■ ASSIGNED TASK ■
Every line in the listing below from the one with "2025 Ford Escape ST-Line photo 4" through the one with "Bed in Golden Sea View Hotel Haikou" is to be reproduced exactly, both ends included; leave out the rest.

■ PROVIDED DATA ■
►

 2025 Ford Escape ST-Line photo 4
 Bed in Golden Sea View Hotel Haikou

◄
►

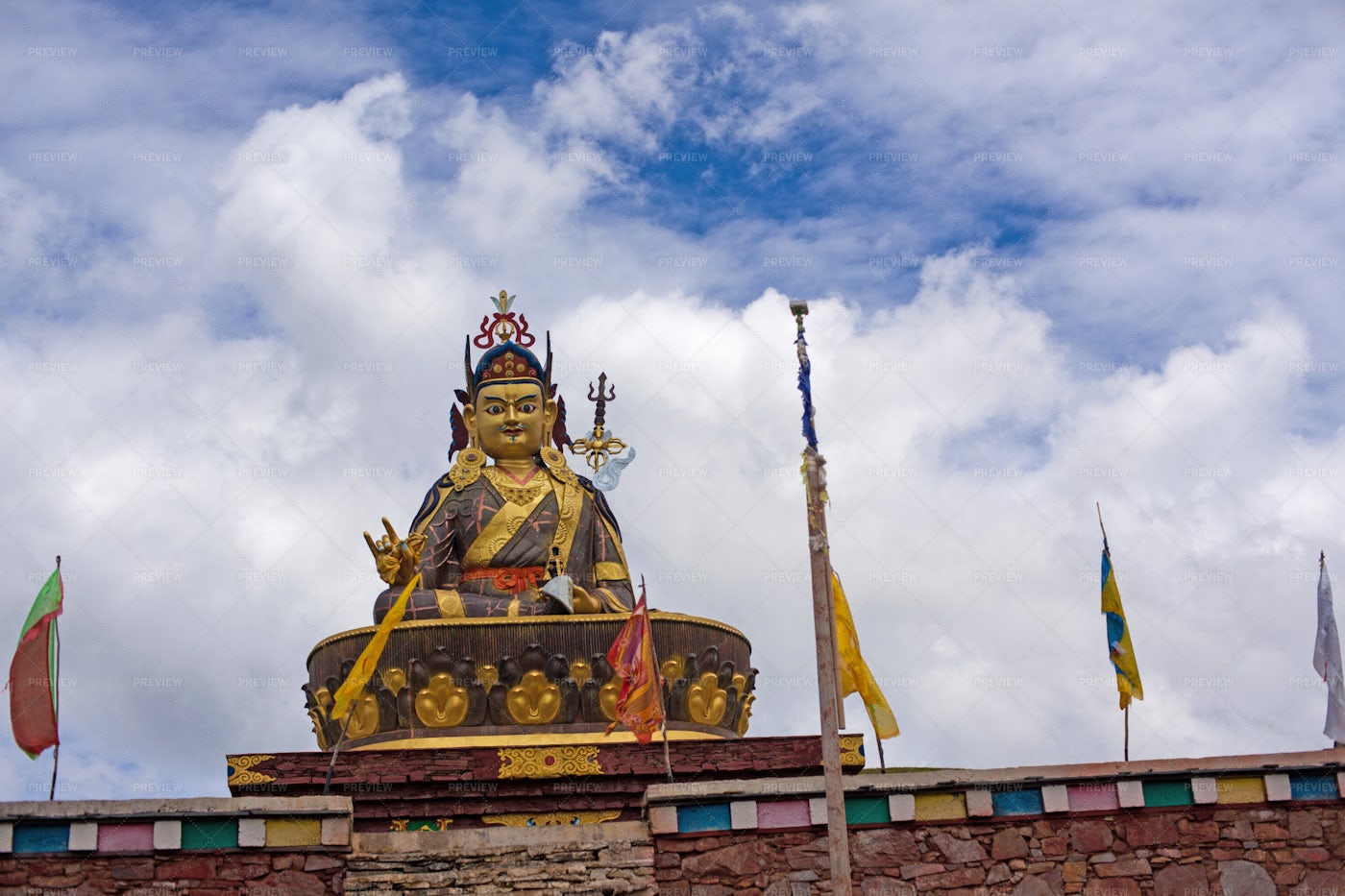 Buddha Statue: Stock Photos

◄

■ FINISHED TASK ■
 2025 Ford Escape ST-Line photo 4
 Bed in Golden Sea View Hotel Haikou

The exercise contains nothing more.